> **Aim of the exercise**:
Your job is to return the whole listing unchanged while skipping its images.
----------
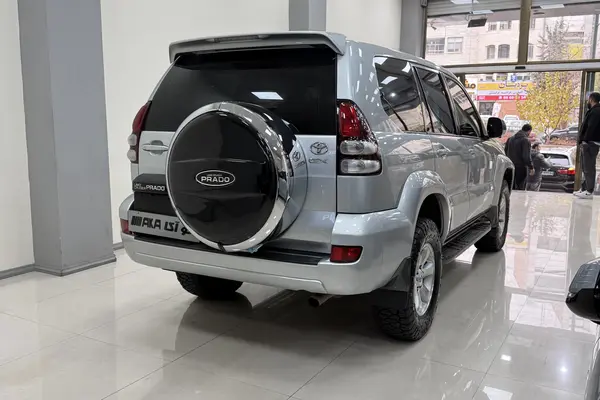 تویوتا، پرادو  چهار در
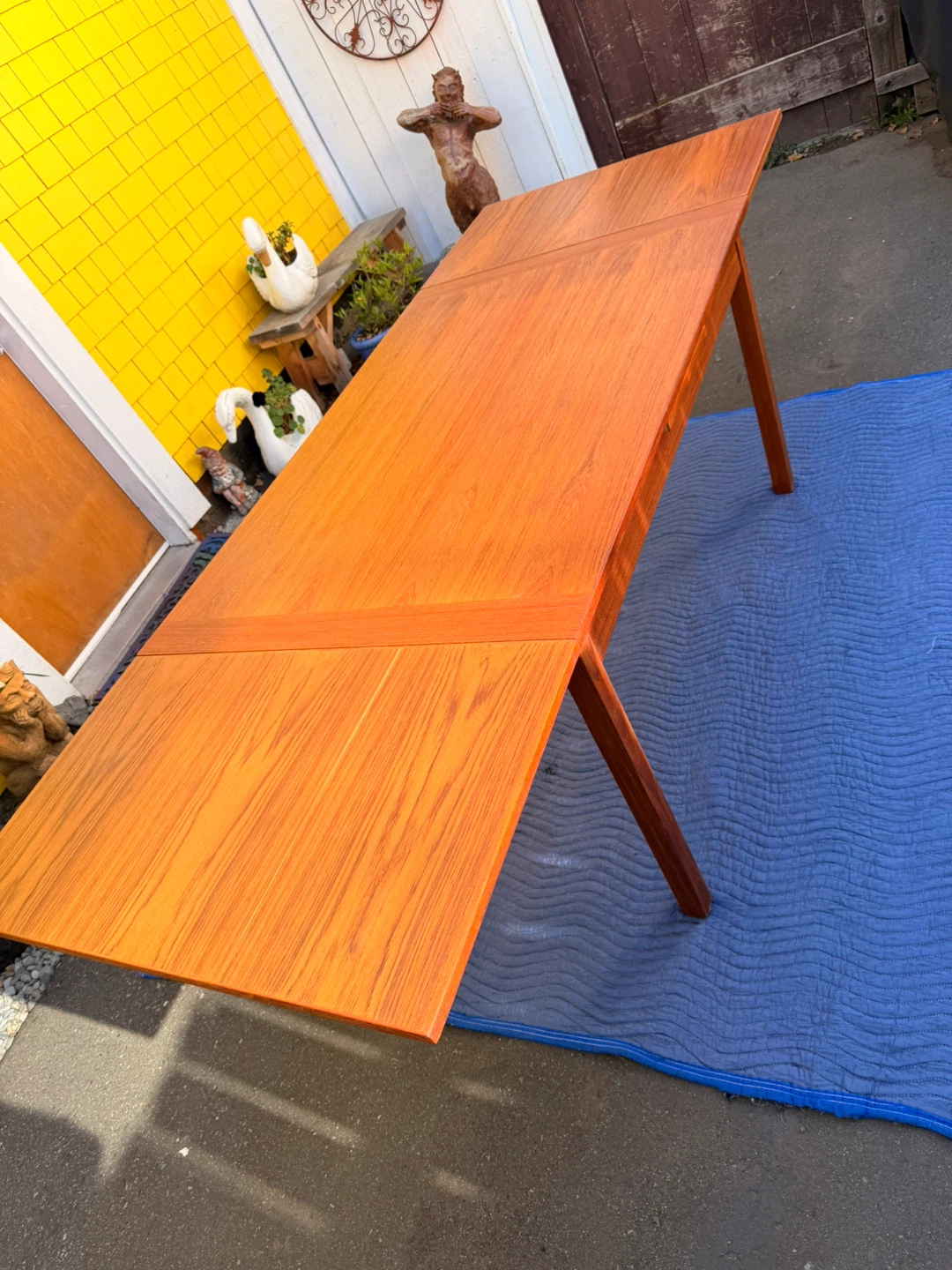 Extendable Teak Dining Table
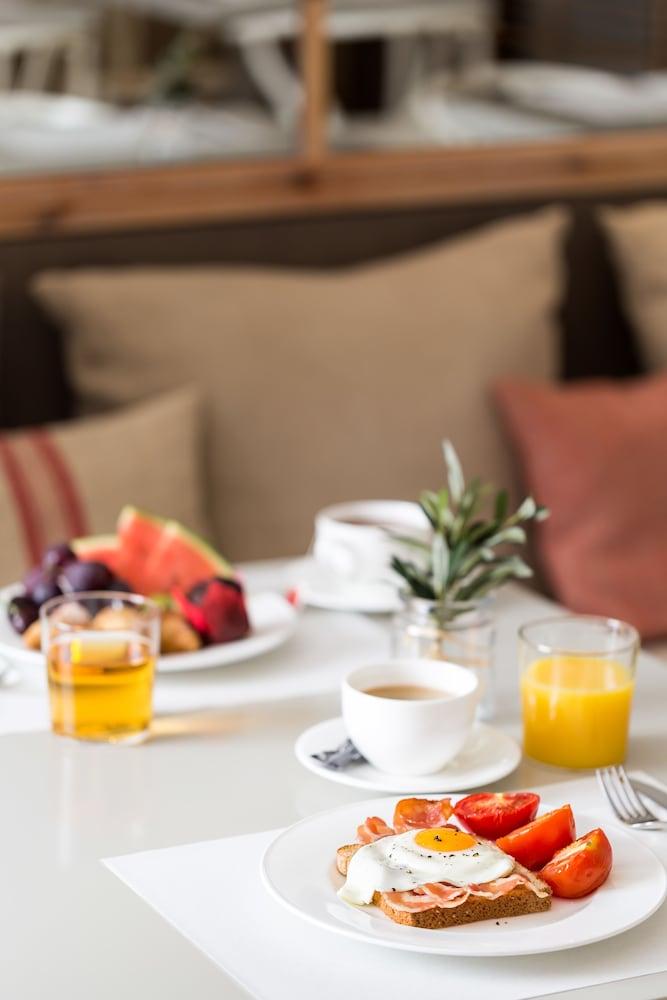 ברצלונה Musik Boutique Hotel מראה חיצוני תמונה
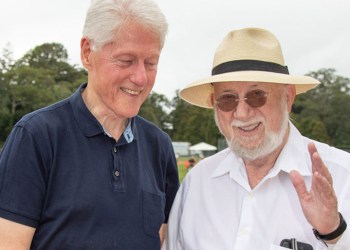Dan Rattiner and Bill Clinton at 2019 Artists & Writers Game
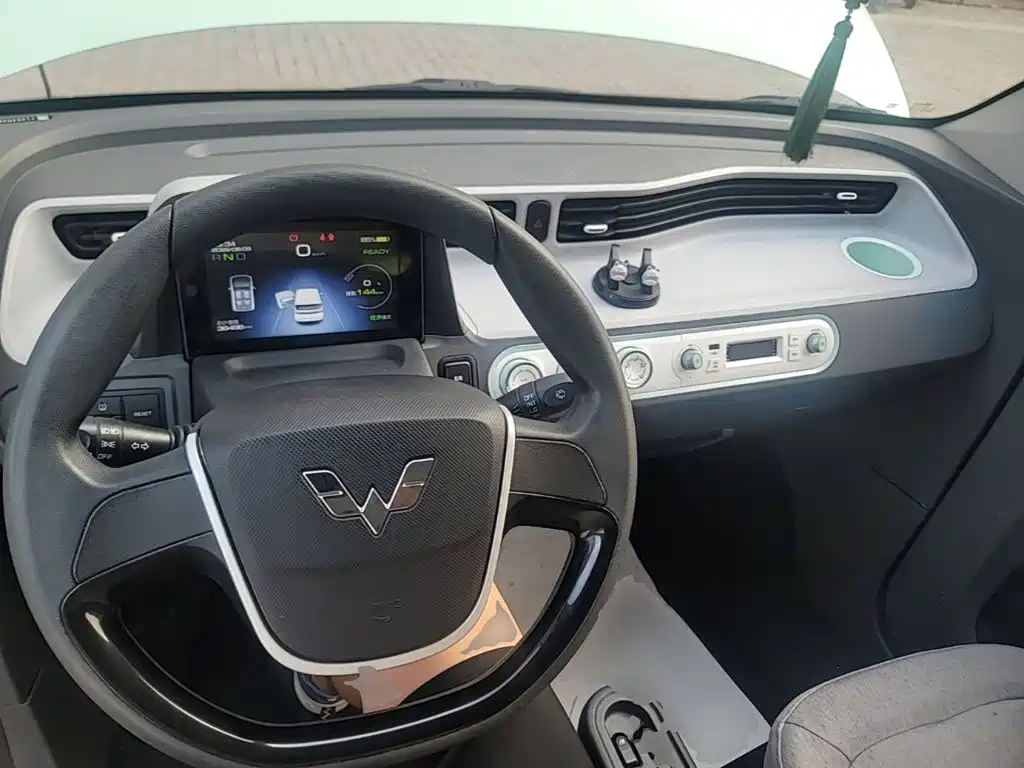 Wuling MINIEV — миниатюра 10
----------
> **Task solution**:
 تویوتا، پرادو  چهار در
 Extendable Teak Dining Table
 ברצלונה Musik Boutique Hotel מראה חיצוני תמונה
Dan Rattiner and Bill Clinton at 2019 Artists & Writers Game
 Wuling MINIEV — миниатюра 10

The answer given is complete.